Imakarum Mirabilis said:


> The issue beforehand was him plotting to kill the Asgardians by destroying Yggdrasil. Holy crap, you have never read that arc
> 
> Like really, Seth was being a villain and monologuing about how he was gonna destroy the Asgardians. It's obvious CIS



Again. Enchantress did more damage to the tree and isn't considered anything multiversal. Seth got defeated by Odin doesn't make him multiversal. Seth isn't multiversal.


----------



## Crimson King (Oct 21, 2018)




----------



## Blakk Jakk (Oct 21, 2018)

Agent9149 said:


> Again. Enchantress did more damage to the tree and isn't considered anything multiversal. Seth got defeated by Odin doesn't make him multiversal. Seth isn't multiversal.


Seth knocked Odin on his ass and Odin was forced to use all his power to beat him. Seth was also threatening to destroy the whole thing (literally his entire plan revolved around him destroying the tree) and he only lost because he was doing the classic villain monologue and left himself wide open.

You are stonewalling at this point and you need to be removed from this thread. Actually, this thread just needs to be closed altogether.


----------



## Agent9149 (Oct 21, 2018)

Imakarum Mirabilis said:


> Seth knocked Odin on his ass and Odin was forced to use all his power to beat him. Seth was also threatening to destroy the whole thing (literally his entire plan revolved around him destroying the tree) and he only lost because he was doing the classic villain monologue and left himself wide open.
> 
> You are stonewalling at this point and you need to be removed from this thread. Actually, this thread just needs to be closed altogether.



Again, if Seth was Multiversal he would be around the powerlevel of RKT who is way above Odin. Yet he got beat by Odin, and Thor, and other weaker characters throughout Canon.

I'm done going over this again and again. Seth still aint Multiversal and wishful thinking won't make him.


----------



## Blakk Jakk (Oct 21, 2018)

Agent9149 said:


> Again, if Seth was Multiversal he would be around the powerlevel of RKT who is way above Odin.
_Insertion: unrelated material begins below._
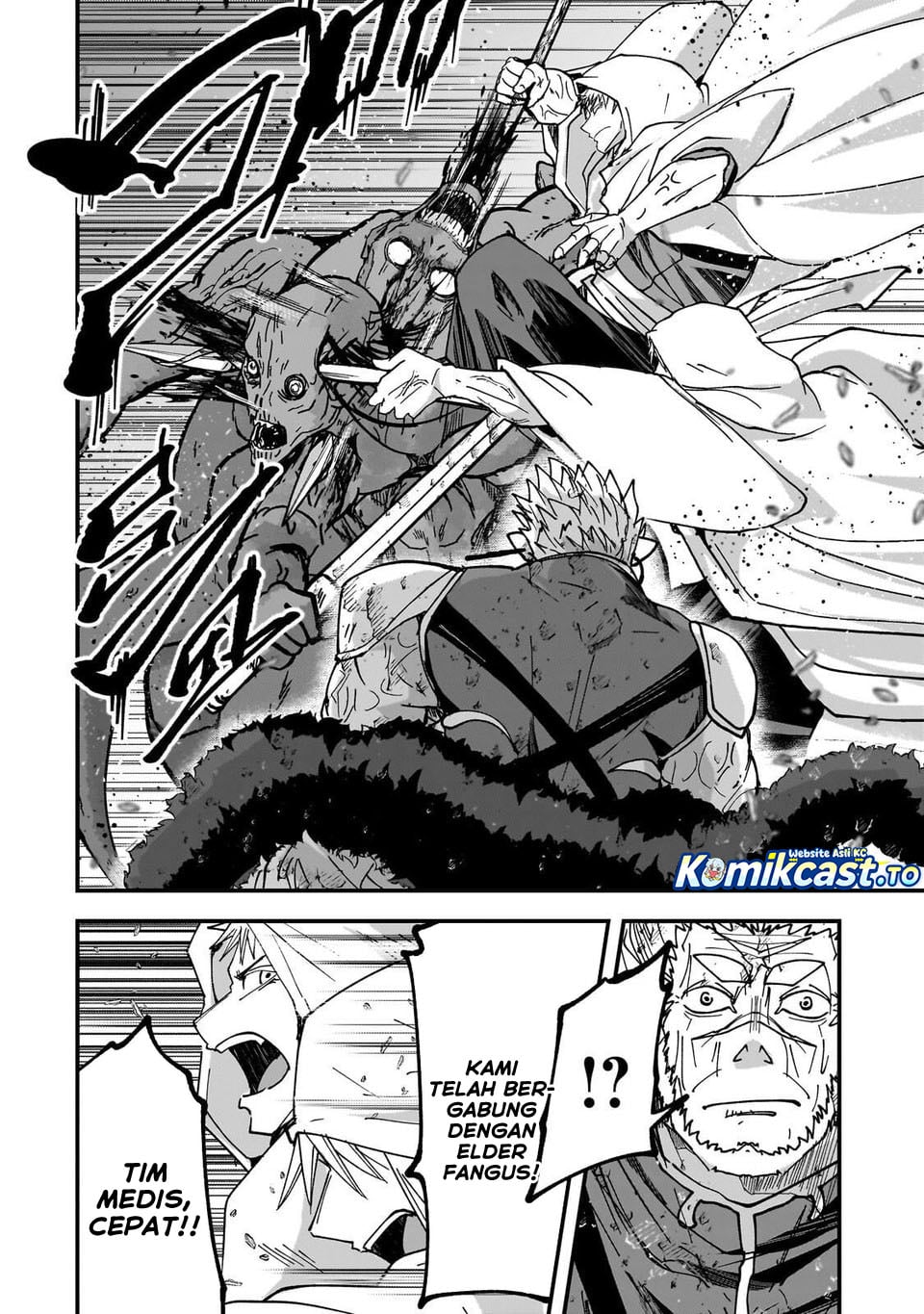 Baca Gaikotsu Kishi-sama, Tadaima Isekai e Odekakechuu - Chapter 71 halaman 22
Yet he got beat by Odin, and Thor, and other weaker characters throughout Canon.


RKT has better fucking feats than multiversal. RKT one-shot the World Tree, defeated Those Who Sit Above in Shadow (who may or may not be Beyonders or they're Elder Gods, either way it's impressive as fuck) and he may or may not have merged with the universe and became Eternity. Seth by comparison was taking time to destroy the World Tree while RKT casually destroyed it. Big difference there.

Also Seth had to be gang banged to be beaten in all those instances and he needed a much more powerful entity who's also multiversal to fucking kill him. Just stop already. You're stonewalling and wasting my time as well as everyone else's.


Agent9149 said:


> I'm done going over this again and again. Seth still aint Multiversal and wishful thinking won't make him.


And Sailor Moon will always be under Virgo Shaka's heel

Reactions: Like 2


----------



## Blakk Jakk (Oct 21, 2018)

>Seth causes Jean pain from attacking the Asgardians and the World Tree
>Jean says that the universe and reality is falling apart

As if we needed more confirmation that Seth is multiversal. I dunno if this is applicable to Phoenix Force Jean (it probably is) but it's at least confirmation that Seth is multiversal.


----------



## Agent9149 (Oct 21, 2018)

Imakarum Mirabilis said:


> And Sailor Moon will always be under Virgo Shaka's heel



The fact that you keep trying to make this personal shows how dumb I've been arguing with someone like you. I feel bad for myself. I should know better.


----------



## Blakk Jakk (Oct 21, 2018)

Agent9149 said:


> The fact that you keep trying to make this personal shows how dumb I've been arguing with someone like you. I feel bad for myself. I should know better.


I mean you've gone and irritated me by wasting my time. You have no high ground here by intentionally stonewalling me so you can fuck right off.


----------



## Masterblack06 (Oct 21, 2018)

I like how Galactus still wins by drinking Beerus like hes a fucking soda.


----------



## The Immortal WatchDog (Oct 21, 2018)

The hilarious part is that Odin once dropped Set of all beings like a bad habbit.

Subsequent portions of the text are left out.